Enquanto
funcionamos com base numa mente adquirida, com uma mente fundamentada no medo e
no cálculo autocentrado; enquanto por não identificarmos, de imediato, o
mecânico e não solicitado fluxo do imaginal-sensorial condicionado pela
cultura, nos identificamos com os neuróticos impulsos emotivos reativos. Por
causa de tal adulterante identificação, nos comprometemos com situações,
empregos, atividades e relações, os quais não tem a verdade e o amor como
fundamento, mas sim a busca de segurança, de prestígio, de satisfação
sensorial, de validação social, que acabam por se transformar, inevitavelmente,
em falsas dependências. Por nos faltar a amorosa, espontânea e integrativa
lucidez, vivemos num constante círculo de adulterações, as quais vão se
acumulando até chegar um ponto em que as mesmas nos sufocam, retirando todo o
sentido de nossa existência e nos levando à um constante estado de ansiedade,
conflito, pensamentos contraditórios, medos e confusão. Enquanto não percebemos
essa total ausência da amorosa, espontânea e integrativa lucidez, permanecemos
alimentando esse círculo de adulteração, cuja base é o cálculo autocentrado.
Quando nos tornamos conscientes desse mecanismo pelo qual funcionamos durante
toda a existência, percebemos a nossa real impotência, a qual se manifesta na
ausência dessa amorosa e integrativa lucidez, desse espontâneo percebimento
libertário que nos aponte a ação correta, pela qual uma nova intencionalidade,
uma nova qualidade de sentir, possa se apresentar diante das situações,
atividades e relacionamentos com os quais estamos comprometidos.
Sem a eclosão dessa amorosa, espontânea e integrativa lucidez, continuamos perdidos, reagindo imaturamente, ainda que tentado acertar, mas alimentando novas formas de ilusão. Quando percebemos, com a totalidade de nosso ser, a ausência dessa amorosa, espontânea e integrativa lucidez reparadora, nos vemos envolvidos por um misto de ansiedade, angústia e medo; a ansiedade pela mudança libertária, a angústia de não saber como realiza-la e o medo de perder as situações a que nos apegamos.

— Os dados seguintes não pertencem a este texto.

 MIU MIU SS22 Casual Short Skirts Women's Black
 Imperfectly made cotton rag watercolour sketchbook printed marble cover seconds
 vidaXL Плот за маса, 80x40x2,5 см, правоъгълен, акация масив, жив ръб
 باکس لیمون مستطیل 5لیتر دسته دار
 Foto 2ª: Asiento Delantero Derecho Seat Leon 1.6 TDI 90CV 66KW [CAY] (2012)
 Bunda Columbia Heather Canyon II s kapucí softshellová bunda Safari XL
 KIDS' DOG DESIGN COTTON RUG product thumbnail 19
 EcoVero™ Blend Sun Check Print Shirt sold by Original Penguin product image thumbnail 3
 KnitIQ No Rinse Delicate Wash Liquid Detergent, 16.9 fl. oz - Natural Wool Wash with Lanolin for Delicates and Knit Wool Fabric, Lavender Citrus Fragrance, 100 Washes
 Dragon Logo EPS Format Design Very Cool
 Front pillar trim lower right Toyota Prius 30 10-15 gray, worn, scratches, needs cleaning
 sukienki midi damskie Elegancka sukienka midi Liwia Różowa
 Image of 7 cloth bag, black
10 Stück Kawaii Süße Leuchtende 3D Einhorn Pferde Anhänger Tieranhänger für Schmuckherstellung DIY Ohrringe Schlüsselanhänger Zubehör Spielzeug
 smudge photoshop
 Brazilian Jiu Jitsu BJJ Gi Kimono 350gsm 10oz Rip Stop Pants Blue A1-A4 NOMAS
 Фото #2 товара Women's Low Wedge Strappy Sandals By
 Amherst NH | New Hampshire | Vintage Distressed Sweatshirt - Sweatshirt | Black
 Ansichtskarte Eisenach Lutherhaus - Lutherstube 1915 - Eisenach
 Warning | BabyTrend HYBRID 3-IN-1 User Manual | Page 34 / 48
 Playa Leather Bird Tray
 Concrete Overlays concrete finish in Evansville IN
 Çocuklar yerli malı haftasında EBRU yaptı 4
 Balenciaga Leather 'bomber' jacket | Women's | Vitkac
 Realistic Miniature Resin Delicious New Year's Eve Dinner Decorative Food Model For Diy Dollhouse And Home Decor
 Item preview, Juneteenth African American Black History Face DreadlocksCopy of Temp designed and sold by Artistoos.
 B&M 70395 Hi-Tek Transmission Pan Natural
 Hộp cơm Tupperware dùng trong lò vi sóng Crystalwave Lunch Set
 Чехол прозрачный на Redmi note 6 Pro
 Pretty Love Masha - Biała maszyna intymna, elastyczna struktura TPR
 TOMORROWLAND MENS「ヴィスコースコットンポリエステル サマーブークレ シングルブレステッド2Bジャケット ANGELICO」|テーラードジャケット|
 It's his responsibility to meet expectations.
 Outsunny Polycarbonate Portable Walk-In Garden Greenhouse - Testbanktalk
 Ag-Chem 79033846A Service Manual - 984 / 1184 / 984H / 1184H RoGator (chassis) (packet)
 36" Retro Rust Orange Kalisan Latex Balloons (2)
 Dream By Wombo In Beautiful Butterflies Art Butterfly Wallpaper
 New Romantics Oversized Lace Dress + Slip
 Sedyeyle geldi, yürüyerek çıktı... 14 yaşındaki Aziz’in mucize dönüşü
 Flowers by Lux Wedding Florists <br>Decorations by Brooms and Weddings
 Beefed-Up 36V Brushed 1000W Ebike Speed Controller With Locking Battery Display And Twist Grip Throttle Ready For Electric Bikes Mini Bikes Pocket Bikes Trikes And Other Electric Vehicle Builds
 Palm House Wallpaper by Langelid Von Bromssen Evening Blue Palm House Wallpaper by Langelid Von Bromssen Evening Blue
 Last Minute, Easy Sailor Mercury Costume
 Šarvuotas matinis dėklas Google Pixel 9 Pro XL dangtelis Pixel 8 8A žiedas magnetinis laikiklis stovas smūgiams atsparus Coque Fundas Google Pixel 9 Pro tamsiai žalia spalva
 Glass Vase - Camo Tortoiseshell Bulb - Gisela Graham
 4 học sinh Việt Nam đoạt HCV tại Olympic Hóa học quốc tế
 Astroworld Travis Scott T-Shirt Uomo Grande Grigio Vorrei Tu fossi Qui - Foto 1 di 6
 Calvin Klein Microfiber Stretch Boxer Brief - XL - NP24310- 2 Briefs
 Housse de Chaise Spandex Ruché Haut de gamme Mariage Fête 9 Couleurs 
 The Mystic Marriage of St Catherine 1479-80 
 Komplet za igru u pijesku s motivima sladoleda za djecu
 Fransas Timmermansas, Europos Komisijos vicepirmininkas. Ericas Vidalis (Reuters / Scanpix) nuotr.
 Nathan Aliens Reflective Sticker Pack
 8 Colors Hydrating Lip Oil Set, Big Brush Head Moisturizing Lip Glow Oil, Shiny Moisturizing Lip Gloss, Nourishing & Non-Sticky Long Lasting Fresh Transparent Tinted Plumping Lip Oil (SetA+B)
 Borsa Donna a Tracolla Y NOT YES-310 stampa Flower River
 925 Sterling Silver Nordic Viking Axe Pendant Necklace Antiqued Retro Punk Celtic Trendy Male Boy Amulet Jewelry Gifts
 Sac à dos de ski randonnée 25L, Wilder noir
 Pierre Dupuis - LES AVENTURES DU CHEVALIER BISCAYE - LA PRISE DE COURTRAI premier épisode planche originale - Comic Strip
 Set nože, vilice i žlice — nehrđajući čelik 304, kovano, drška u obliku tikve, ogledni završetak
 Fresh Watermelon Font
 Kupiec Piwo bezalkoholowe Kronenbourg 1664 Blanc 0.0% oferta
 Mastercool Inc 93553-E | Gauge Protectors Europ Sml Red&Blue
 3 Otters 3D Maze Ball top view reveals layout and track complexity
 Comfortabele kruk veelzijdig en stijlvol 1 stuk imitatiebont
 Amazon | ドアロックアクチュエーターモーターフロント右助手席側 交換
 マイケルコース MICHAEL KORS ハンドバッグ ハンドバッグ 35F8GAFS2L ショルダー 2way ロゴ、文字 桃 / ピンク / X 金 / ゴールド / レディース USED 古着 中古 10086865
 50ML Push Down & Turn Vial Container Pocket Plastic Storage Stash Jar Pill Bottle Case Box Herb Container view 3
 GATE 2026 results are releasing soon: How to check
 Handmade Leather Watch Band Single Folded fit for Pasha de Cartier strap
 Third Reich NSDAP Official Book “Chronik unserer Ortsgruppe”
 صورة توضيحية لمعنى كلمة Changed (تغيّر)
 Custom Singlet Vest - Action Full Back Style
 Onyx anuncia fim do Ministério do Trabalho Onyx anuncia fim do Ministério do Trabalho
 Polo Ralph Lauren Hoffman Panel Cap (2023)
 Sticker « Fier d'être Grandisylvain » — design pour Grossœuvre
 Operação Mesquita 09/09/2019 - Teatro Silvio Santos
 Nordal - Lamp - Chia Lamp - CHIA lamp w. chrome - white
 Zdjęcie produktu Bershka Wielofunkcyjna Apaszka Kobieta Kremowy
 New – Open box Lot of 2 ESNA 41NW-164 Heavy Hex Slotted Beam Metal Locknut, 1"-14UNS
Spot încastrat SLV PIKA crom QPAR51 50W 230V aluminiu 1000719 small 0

Perceber que não sabemos o que é amor, felicidade, liberdade, comunhão e genuína criatividade é algo extremamente doloroso. Ver a natureza exata dos sentimentos que sustentam nossas atividades e relacionamentos, se mostra algo assustador: medo da solidão, medo do desamparo, medo do desconhecido, medo de não ter as necessidades sensoriais satisfeitas, medo de perder as conveniências que os mesmos nos fornecem, uma má vontade para com quase tudo que nos força a um estado de simulação. Diante de tal percepção dolorosa, surgem as perguntas: como mudar tudo isso? Como conhecer outra forma de intencionalidade diante dos mesmos? Como dar um novo sentido a tudo? Como ver tudo com novos olhos? Como tocar de um novo modo, já que, pelo esforço, percebemos que não produz a naturalidade que sentimos ser necessária para que tudo se mostre com real significação e afetação? A ausência de respostas amplia a ansiedade e a angústia.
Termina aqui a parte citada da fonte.